Batch greedy maximization of non-submodular functions: Guarantees and applications to experimental design

Authors: Jayanth Jagalur-Mohan, Youssef Marzouk

JMLR 2021 | Venue PDF | LLM Run Details

Reproducibility Variable Result LLM Response
Research Type Experimental We demonstrate our theoretical findings on synthetic problems and on a real-world climate monitoring example.
Researcher Affiliation Academia Jayanth Jagalur-Mohan EMAIL Youssef Marzouk EMAIL Massachusetts Institute of Technology Cambridge, MA 02139 USA
Pseudocode Yes Algorithm 1 Standard batch greedy algorithm Algorithm 2 Distributed batch greedy algorithm Algorithm 3 Stochastic batch greedy algorithm Algorithm 4 Greedy algorithm using modular lower bounds Algorithm 5 Sequential greedy algorithm for minimizing information loss
Open Source Code No The paper mentions: "The code for s ELM is publicly available, and more details about the E3SM land models can be found in the works by Lu and Ricciuto (2019); Ricciuto et al. (2018)." This refers to a third-party model used in their experiments, not the source code for the methodology presented in this paper.
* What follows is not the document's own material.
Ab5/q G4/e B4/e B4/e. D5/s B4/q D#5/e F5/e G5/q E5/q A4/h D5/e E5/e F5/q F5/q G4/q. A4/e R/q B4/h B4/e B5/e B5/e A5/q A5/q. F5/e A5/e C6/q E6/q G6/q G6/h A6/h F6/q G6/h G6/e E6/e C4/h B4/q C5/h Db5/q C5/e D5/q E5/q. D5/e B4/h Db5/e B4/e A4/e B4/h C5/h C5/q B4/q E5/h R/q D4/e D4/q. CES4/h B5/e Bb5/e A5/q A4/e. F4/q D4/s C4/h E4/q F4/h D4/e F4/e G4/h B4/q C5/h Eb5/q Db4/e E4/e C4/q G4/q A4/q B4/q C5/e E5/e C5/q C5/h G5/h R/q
Open Datasets No The paper uses "synthetic problems" and a "real-world climate monitoring example." For the latter, it states: "Drawing realizations of these parameters yields a simulation ensemble with 2000 samples." This indicates the authors generated data from a model (sELM) rather than using a pre-existing, publicly available dataset that is formally linked or cited for their experiments.
Dataset Splits No The paper describes generating "1000 random instances of the forward operator G" for synthetic problems and using a "simulation ensemble with 2000 samples" from a climate model. However, it does not specify any training, validation, or test dataset splits in the conventional machine learning sense for reproducibility.
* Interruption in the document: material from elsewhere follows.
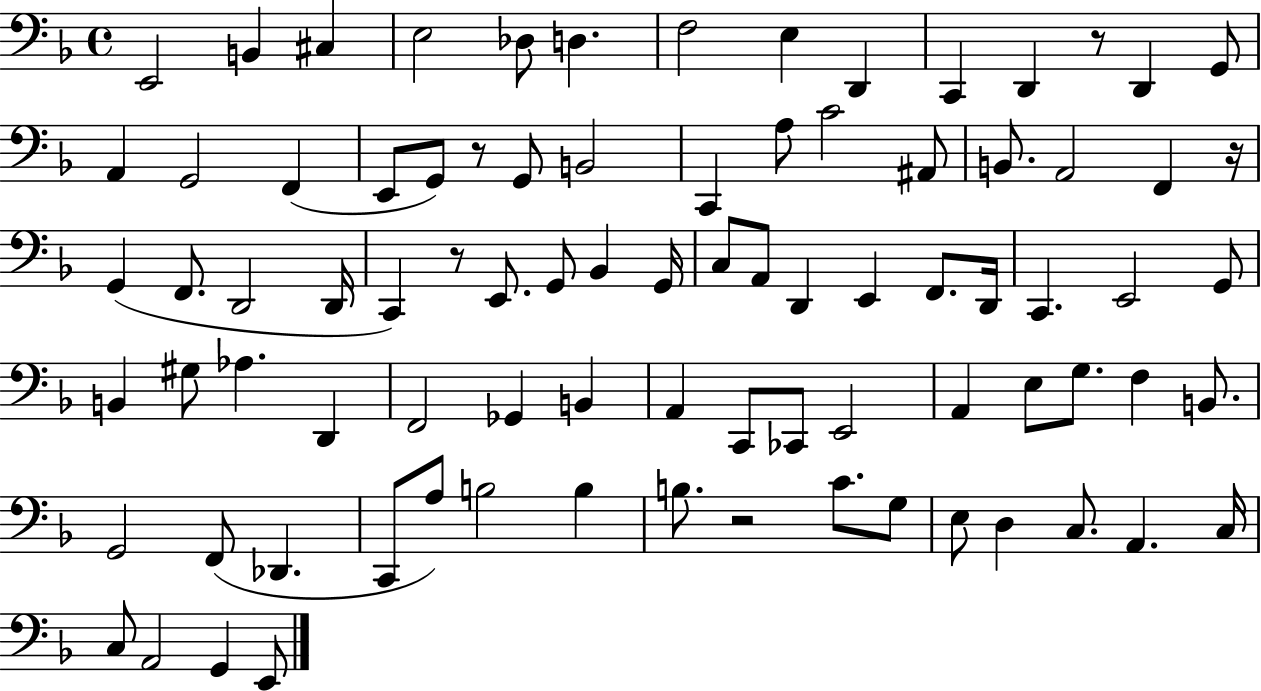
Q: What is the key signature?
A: F major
Hardware Specification No The paper does not provide any specific details about the hardware (e.g., GPU, CPU models, or cloud resources) used for conducting the experiments.
Software Dependencies No The paper mentions the "simplified E3SM land model (s ELM)" and states "The code for s ELM is publicly available." However, it does not provide a specific version number for sELM itself, nor does it list any other software libraries or tools with their respective version numbers that were used in the experimental setup.
Experiment Setup Yes In Section 5.1, the paper states: "The dimension of the parameters X is set to n = 20, while cardinality of the candidate set of observations Y is fixed at m = 100." It also specifies "correlation lengths 0.105 and 0.021" for the prior and observation error covariances, and that "We draw 1000 random instances of the forward operator G." For algorithm parameters, it mentions considering "seven different batch sizes, corresponding to q {1%, 10%, 20%, 30%, 40%, 50%, 100%}."